The basic output plugin callbacks (e.g., begin_cb, change_cb, commit_cb and message_cb) are only invoked when the transaction actually commits. The changes are still decoded from the transaction log, but are only passed to the output plugin at commit (and discarded if the transaction aborts).

This means that while the decoding happens incrementally, and may spill to disk to keep memory usage under control, all the decoded changes have to be transmitted when the transaction finally commits (or more precisely, when the commit is decoded from the transaction log). Depending on the size of the transaction and network bandwidth, the transfer time may significantly increase the apply lag.

To reduce the apply lag caused by large transactions, an output plugin may provide additional callback to support incremental streaming of in-progress transactions. There are multiple required streaming callbacks (stream_start_cb, stream_stop_cb, stream_abort_cb, stream_commit_cb and stream_change_cb) and two optional callbacks (stream_message_cb and stream_truncate_cb).

When streaming an in-progress transaction, the changes (and messages) are streamed in blocks demarcated by stream_start_cb and stream_stop_cb callbacks. Once all the decoded changes are transmitted, the transaction can be committed using the the stream_commit_cb callback (or possibly aborted using the stream_abort_cb callback). If two-phase commits are supported, the transaction can be prepared using the stream_prepare_cb callback, COMMIT PREPARED using the commit_prepared_cb callback or aborted using the rollback_prepared_cb.
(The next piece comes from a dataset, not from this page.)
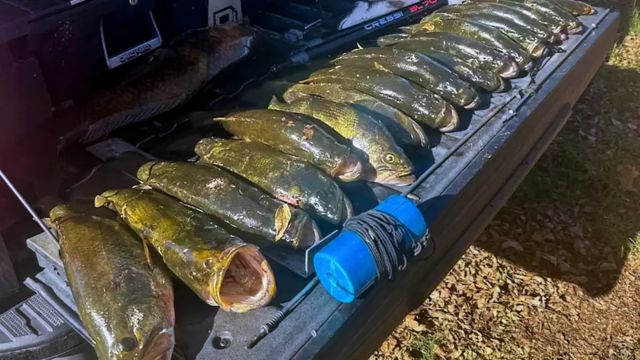 Texas Authorities Bust Two for Illegal Spearing of Largemouth Bass (1)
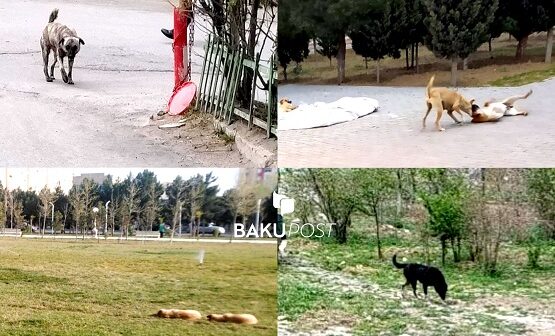Sumqayıt sakinləri təhlükəylə üz-üzə – Sahibli və sahibsiz itlər problemə çevrilib – VİDEO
One example sequence of streaming callback calls for one transaction may look like this:

stream_start_cb(...);   <-- start of first block of changes
  stream_change_cb(...);
  stream_change_cb(...);
  stream_message_cb(...);
  stream_change_cb(...);
  ...
  stream_change_cb(...);
stream_stop_cb(...);    <-- end of first block of changes

stream_start_cb(...);   <-- start of second block of changes
  stream_change_cb(...);
  stream_change_cb(...);
  stream_change_cb(...);
  ...
  stream_message_cb(...);
  stream_change_cb(...);
stream_stop_cb(...);    <-- end of second block of changes

stream_commit_cb(...);  <-- commit of the streamed transaction

The actual sequence of callback calls may be more complicated, of course. There may be blocks for multiple streamed transactions, some of the transactions may get aborted, etc.

Similar to spill-to-disk behavior, streaming is triggered when the total amount of changes decoded from the WAL (for all in-progress transactions) exceeds the limit defined by logical_decoding_work_mem setting. At that point, the largest top-level transaction (measured by the amount of memory currently used for decoded changes) is selected and streamed. However, in some cases we still have to spill to disk even if streaming is enabled because we exceed the memory threshold but still have not decoded the complete tuple e.g., only decoded toast table insert but not the main table insert.

Even when streaming large transactions, the changes are still applied in commit order, preserving the same guarantees as the non-streaming mode.